The goal of this assignment is to adapt one of my recommendation systems to work with Apache Spark and compare the performance with my previous iteration. I will adapt my MovieLense recommendation systems from project 2 and compare it with the model built on Apache Spark.
# load libraries
library(tidyverse)
library(kableExtra)
library(knitr)
library(recommenderlab)
library(sparklyr)I will use the MovieLense dataset; the 100k MovieLense ratings data set. The data was collected through the MovieLens web site (movielens.umn.edu) during the seven-month period from September 19th, 1997 through April 22nd, 1998. The data set contains about 100,000 ratings (1-5) from 943 users on 1664 movies.
# load dataset
data("MovieLense")For project 2, I worked with MovieLense dataset to build item-based collaborative filter and user-based collaborative filter models. However, sparklyr library does not offer such algorithms. Therefore, for comparison, we will implement ALS method for both recommender systems.

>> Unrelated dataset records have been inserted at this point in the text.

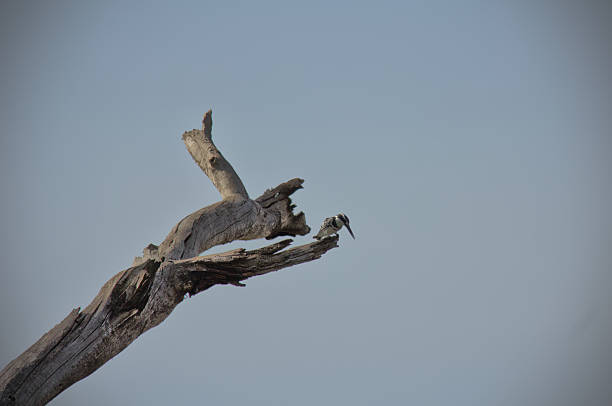 istock Woodpecker standing on a dead tree branch on Naivasha lake 2230994310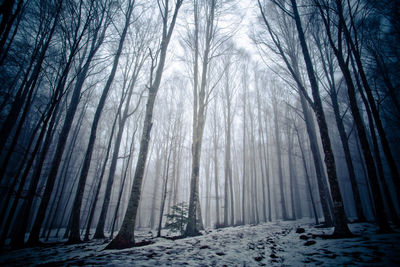 Trees in forest during winter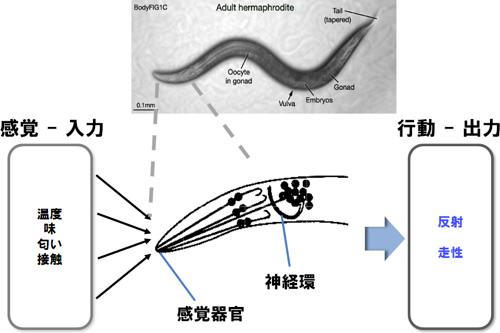 線虫の感覚器官と神経細胞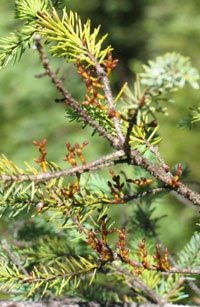 Image: Eastern spruce dwarf mistletoe 3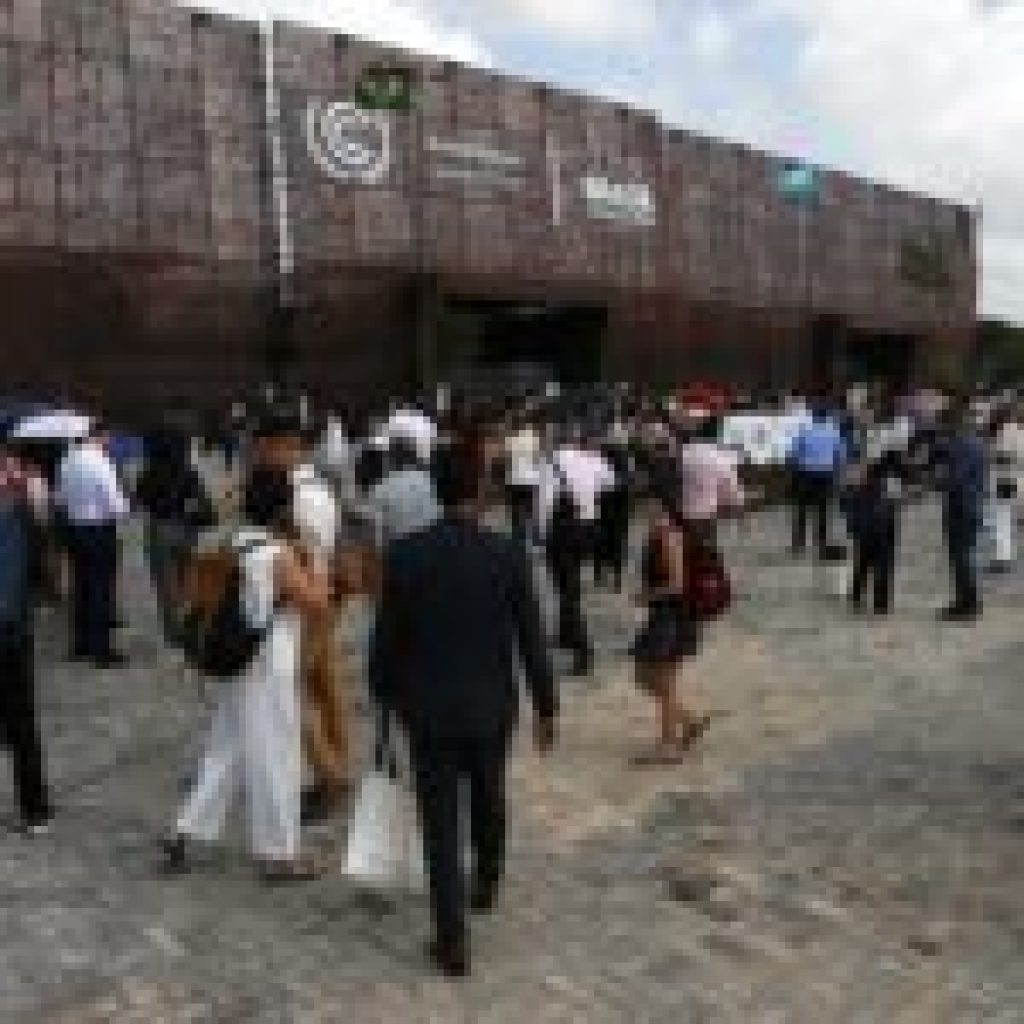 Lobistas na COP30: problema ou solução?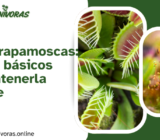 Venus Atrapamoscas: cuidados básicos para mantenerla saludable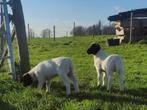 Dorper ooi tweeling lammetjes, Dieren en Toebehoren, Schapen, Geiten en Varkens, Vrouwelijk, Schaap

I will use the k-fold method to split the data. Then fit the ALS model and make prediction. Lastly, I will extract accuracy of the model to compare with the model built on Spark.
# start
a1 <- Sys.time()
# split dataset using k-fold method
set.seed(156)
scheme <- MovieLense %>%
evaluationScheme(method = "cross", k = 5, given = 15, goodRating = 3)
# fit the model
als_model <- Recommender(getData(scheme, "train"), method = "ALS")
# make prediction
prediction <- predict(als_model, getData(scheme, "known"), type = "ratings")
# end
z1 <- Sys.time()
# get accuracy score
evaluation <- calcPredictionAccuracy(prediction, getData(scheme, "unknown"))In this section I will adapt the model above to work with Apache Spark. Apache Spark is open source, general-purpose distributed computing engine used for processing and analyzing a large amount of data.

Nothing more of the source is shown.